Why did our loess fall atop the bluff and hilltops on the east side of the Mississippi River, and not elsewhere? There are no solid answers, though some good guesses have been proposed.
One reasonable-sounding idea could be called the moistened particle hypothesis. At the end of the last ice age, as dust-laden wind from the west flows across the Mississippi River, dust particles bump into water molecules suspended above the river. As more and more water molecules adhere to the dust particle, the dust gets heavier and descemds. This idea sounds better when we know that at the end of the last ice age the Mississippi River was an enormous "braided stream" with lots of surface area, as shown below.
Many increasingly heavy dust particles drop into the braided stream network below them and are carried downstream, but others make it to the cliff on the plain's westward side. Lighter particles make it a little farther. Some make it ten or even twenty miles inland before they fall, and some just keep going.
Another educated guess might be called the lost energy hypothesis. This idea visualizes dust-laden wind from the west crossing the vast braided stream, which during winters include many drying-out mud flats which add to the dust. At the stream's eastern edge, the dusty wind encounters a steep cliff eroded into the uplands by the river. The cliff disturbs the wind's progress eastward.
In energetic terms, since the cliff provides friction to the wind above it, the wind must expend some of its energy to reorder itself to flow over the cliff. Having spent that energy, the wind loses some of its ability to hold dust particles in the air, and drops part of its load. As the wind moves across the upland landscape, more and more irregularities below it continue robbing energy, and more and more dust falls out, until eventually there's very little dust left.

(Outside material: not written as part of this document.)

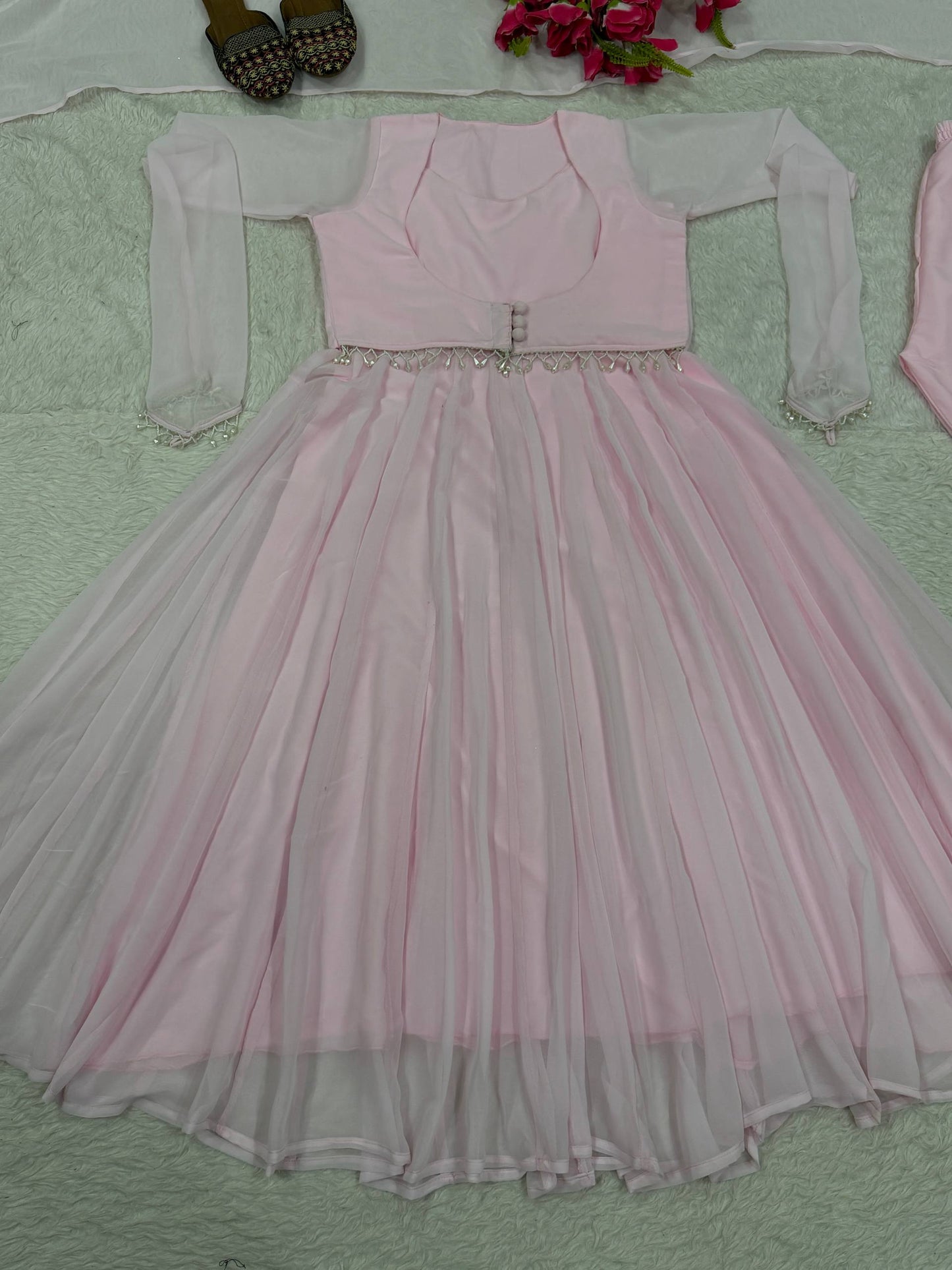 Presenting New Đěsigner Maxi Anarkali Suit In New Fancy Style
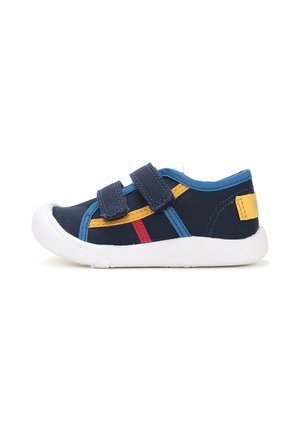 Granatowy sneaker dla małego dziecka z białą podeszwą, dwoma paskami na rzep i żółtymi, czerwonymi oraz niebieskimi akcentami.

Earl Manning at Tulane University, building on the lost energy hypothesis, suggests a variation on the theme, one beginning with "rock flour," which is silt suspended in glacial water. The silt results when glaciers grind up rock being passed over. Rock flower accounts for the whiteness in the glacial meltwater seen below flowing into a lake.
Visualizing North America at the end of the last ice age, here's Manning's scenario, included in an email sent to Jim Conrad:
"Rock flour is washed out of the base of glaciers in southern Illinois by streams. Braided streams distribute the rock flour along the broad middle Mississippi River floodplain. Strong glacial winds (partly created by the cold of the glacial ice) blow down the valley, drying the floodplain, and picking up the silt... the winds were slowed by tall trees in forests along the lower Mississippi River Valley. The trees would baffle the wind enough to slow it. The forest explanation has the advantage of also explaining the basic wedge-shaped cross-section of the loess deposit along the river, thinning as it moves away from the river... The farther away from the water of the river you got in glacial time, the fewer trees. Therefore the less baffling, and the less loess falling out of suspension. In dry glacial time, the area beyond the river was more prairie than forest, like along the Platte today.
This is a good place to remind ourselves that the concepts of "bluff height" and "loess depth" shouldn't be confused. In the lower Mississippi River Valley, much of the height of bluffs and hills in the loess area is contributed not by loess, but rather by sands, gravels, and softer rocks such as siltstone, shale, marl, and nodular limestone lying below the loess. The accumulating loess just added height to them.